THE TASK:
After finding the line with "HDV: lancement de" in the data below, set down exactly each line through the one with "Snapshot of snotLoud", inclusive, and stop there.

═══ SOURCE MATERIAL ═══

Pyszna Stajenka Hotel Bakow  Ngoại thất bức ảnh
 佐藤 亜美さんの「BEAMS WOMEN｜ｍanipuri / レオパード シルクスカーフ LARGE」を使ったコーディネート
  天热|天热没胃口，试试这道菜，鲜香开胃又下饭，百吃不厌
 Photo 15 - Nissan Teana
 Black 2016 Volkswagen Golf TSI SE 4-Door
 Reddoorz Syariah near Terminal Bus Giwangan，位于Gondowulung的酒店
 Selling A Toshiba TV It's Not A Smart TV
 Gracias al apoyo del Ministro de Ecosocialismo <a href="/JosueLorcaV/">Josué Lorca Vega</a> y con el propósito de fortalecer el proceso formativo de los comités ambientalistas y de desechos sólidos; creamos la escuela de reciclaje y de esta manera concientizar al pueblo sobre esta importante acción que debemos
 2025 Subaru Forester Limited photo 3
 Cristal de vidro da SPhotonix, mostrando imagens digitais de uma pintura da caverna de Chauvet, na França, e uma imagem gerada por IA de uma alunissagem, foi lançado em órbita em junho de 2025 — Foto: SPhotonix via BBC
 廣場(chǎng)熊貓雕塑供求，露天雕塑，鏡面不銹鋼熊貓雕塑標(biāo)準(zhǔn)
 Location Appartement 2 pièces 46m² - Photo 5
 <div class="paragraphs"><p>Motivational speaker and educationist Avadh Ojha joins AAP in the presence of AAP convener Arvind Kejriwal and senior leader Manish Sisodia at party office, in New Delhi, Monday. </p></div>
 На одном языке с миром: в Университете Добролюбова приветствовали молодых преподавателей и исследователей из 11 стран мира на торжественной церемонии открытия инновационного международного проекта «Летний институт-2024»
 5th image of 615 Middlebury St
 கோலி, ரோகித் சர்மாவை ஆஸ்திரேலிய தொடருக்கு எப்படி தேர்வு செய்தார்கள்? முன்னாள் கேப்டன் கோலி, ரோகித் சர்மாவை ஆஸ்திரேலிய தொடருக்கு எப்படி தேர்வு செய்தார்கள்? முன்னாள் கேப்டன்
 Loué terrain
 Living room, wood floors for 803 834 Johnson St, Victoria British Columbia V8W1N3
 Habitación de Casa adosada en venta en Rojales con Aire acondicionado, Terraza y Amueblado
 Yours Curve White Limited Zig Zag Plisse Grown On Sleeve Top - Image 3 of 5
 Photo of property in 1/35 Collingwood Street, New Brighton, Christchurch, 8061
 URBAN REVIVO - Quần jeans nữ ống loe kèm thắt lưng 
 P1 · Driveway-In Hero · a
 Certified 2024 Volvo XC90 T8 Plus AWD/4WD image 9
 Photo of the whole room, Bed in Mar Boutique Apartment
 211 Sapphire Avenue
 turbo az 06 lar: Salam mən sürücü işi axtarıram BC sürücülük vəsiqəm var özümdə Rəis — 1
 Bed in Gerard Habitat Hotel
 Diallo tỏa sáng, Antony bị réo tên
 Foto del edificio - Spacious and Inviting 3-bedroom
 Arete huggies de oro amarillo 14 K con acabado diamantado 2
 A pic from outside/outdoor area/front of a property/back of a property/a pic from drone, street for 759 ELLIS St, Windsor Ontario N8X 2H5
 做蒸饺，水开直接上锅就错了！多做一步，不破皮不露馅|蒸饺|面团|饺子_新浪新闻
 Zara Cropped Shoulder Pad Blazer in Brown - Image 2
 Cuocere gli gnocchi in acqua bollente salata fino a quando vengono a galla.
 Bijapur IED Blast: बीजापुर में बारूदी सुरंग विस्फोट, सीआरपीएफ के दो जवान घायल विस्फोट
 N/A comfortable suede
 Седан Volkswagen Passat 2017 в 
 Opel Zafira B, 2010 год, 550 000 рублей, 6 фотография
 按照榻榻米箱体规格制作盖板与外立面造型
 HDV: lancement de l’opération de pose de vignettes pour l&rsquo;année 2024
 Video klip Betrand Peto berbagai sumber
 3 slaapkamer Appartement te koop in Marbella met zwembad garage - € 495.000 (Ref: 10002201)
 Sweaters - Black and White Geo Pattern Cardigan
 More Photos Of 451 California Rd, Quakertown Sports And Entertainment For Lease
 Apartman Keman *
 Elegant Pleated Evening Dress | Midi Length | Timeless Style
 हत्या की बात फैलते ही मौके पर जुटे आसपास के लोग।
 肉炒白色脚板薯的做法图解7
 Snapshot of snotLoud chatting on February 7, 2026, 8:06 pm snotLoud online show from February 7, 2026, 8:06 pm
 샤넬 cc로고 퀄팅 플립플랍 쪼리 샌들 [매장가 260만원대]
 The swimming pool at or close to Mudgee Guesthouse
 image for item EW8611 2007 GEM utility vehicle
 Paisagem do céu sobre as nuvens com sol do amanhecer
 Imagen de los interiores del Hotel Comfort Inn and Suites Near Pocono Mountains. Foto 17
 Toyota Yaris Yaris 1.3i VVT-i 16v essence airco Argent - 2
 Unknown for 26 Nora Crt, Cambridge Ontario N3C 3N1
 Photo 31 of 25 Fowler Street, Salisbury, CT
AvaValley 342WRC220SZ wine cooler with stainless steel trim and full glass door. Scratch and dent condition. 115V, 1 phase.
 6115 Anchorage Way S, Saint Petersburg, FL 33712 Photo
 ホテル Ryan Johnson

═══

RESPONSE AREA:
 HDV: lancement de l’opération de pose de vignettes pour l&rsquo;année 2024
 Video klip Betrand Peto berbagai sumber
 3 slaapkamer Appartement te koop in Marbella met zwembad garage - € 495.000 (Ref: 10002201)
 Sweaters - Black and White Geo Pattern Cardigan
 More Photos Of 451 California Rd, Quakertown Sports And Entertainment For Lease
 Apartman Keman *
 Elegant Pleated Evening Dress | Midi Length | Timeless Style
 हत्या की बात फैलते ही मौके पर जुटे आसपास के लोग।
 肉炒白色脚板薯的做法图解7
 Snapshot of snotLoud chatting on February 7, 2026, 8:06 pm snotLoud online show from February 7, 2026, 8:06 pm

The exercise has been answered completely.